The bustle of daily life in Ukraine’s Sumy makes it hard to believe that its people have faced a constant threat of death since Russia invaded their country three years ago.
Just days ago, Putin’s forces targeted the city centre in back-to-back missile strikes, killing 35 people and injuring over 100. It marked the deadliest attack on Ukrainian civilians this year.
Neighbours chatted in their apartment blocks, watching children play games in the courtyards. Pausing to look up, they would see the buzzing of attack drones and the familiar sounds of Ukrainian air defences before going back to their strange routine which is quickly becoming usual.
Sumy is only 18 miles from the border of Russia’s Kursk region, where Ukrainian soldiers continue to hold on to the strip of territory they took in a surprise offensive last summer. Residents of the city say there has been an increase in attacks in recent weeks, but none as devastating as Sunday’s airstrike which targeted a busy intersection.
It came just over over a week after a separate missile strike killed 20 people on the central Ukrainian city of Kryvyi Rih. Russia says its forces were targeting a meeting of soldiers in the attack which killed nine children, but evidence has not been provided to support the claim.
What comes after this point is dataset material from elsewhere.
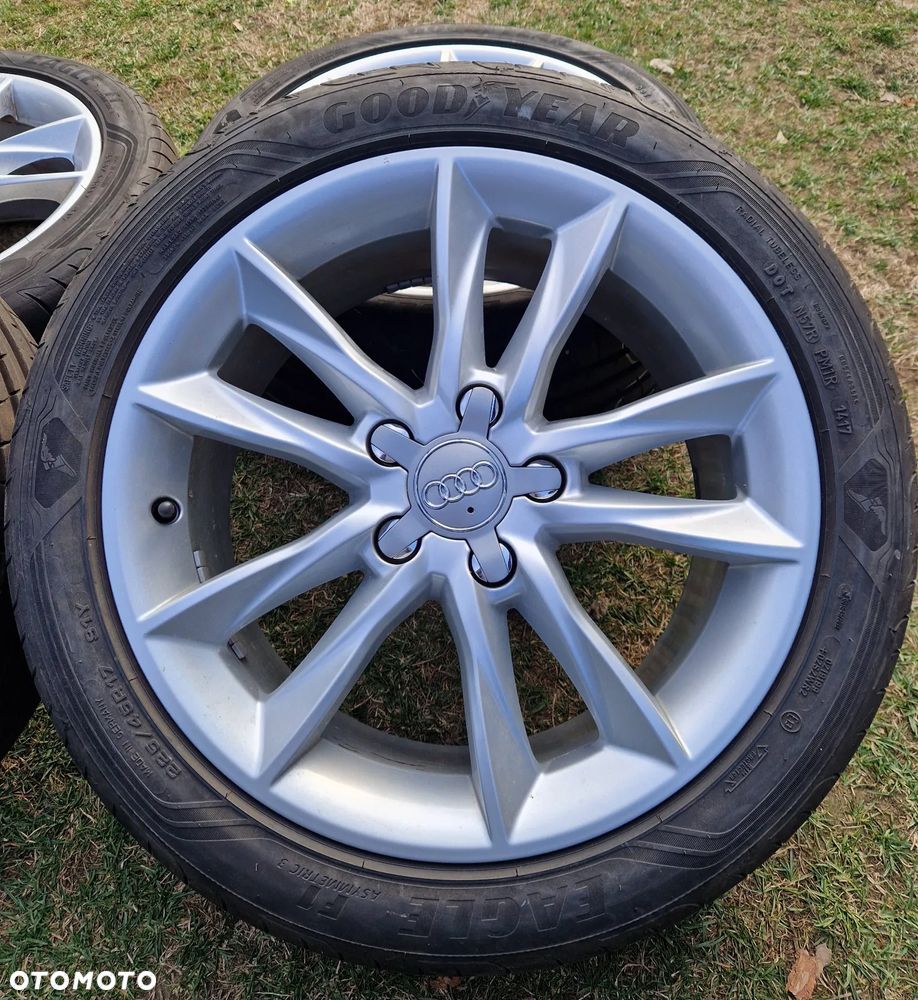 Koła Orginalne Audi 225x45 R17 - 4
The attacks on their cities has left many Ukrainians wondering where the next will occur and cast a shadow over the ongoing ceasefire talks being brokered by the United States. The talks have produced only muted results, as Russia insists on conditions Ukraine deems impossible and Kyiv believes Moscow’s forces are gearing up for a fresh offensive.
The attack ended some lives and shattered others
To the people of Sumy, the talks seem far-removed from their daily struggles.
As some of the victims of Sunday’s attack were laid to rest on Tuesday, Viktor Voitenko, 56, described how he ended up paralyzed in a hospital bed. He was working as a security guard when the second missile hit and shattered his spine. As he spoke, his wife Hanna, 40, lovingly applied his deodorant — a simple act he could no longer perform.
Mention of the ceasefire negotiations conjured a weary smile from her. “It’s empty talks. They don’t move anywhere. It seems to be public relations to me,” Hanna Voitenko said. “Nothing happens to bring comfort to regular people.”
Her husband offered his own take: “They are stalling for time.”
Work, errands and planned family visits brought the victims of Sunday’s attack to the intersection of Petropavlivska Street and the state university on Sunday morning.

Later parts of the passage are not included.